• _Exercise brief_
Repeat exactly what runs from the line with "A property with" through the last line of the material, and keep the pictures out of it.

• _Provided data_
== Segment start ==

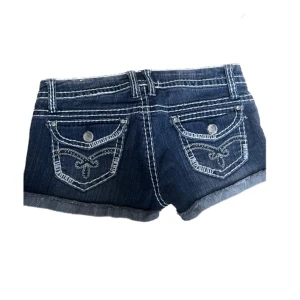Y2k shorts - Assnygga lågmidjade jeansshorts med coola detaljer. Midjemåttet är 76cm men dom är lite stretchiga typ. Passar mig med xs/s. 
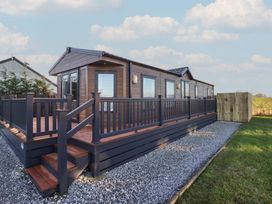 A property with a deck and railing at Meadows Park 5 in Great Hatfield near Hornsea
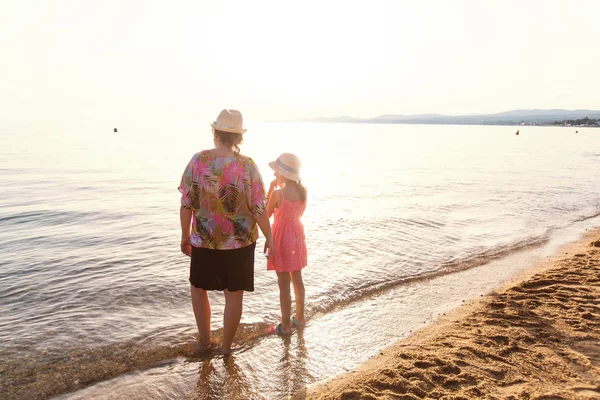 Mutter mit Tochter genießt Sonnenuntergang am Sandstrand im Sommerurlaub — Stockfoto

== Segment end ==

• _Exercise answer_
 A property with a deck and railing at Meadows Park 5 in Great Hatfield near Hornsea
 Mutter mit Tochter genießt Sonnenuntergang am Sandstrand im Sommerurlaub — Stockfoto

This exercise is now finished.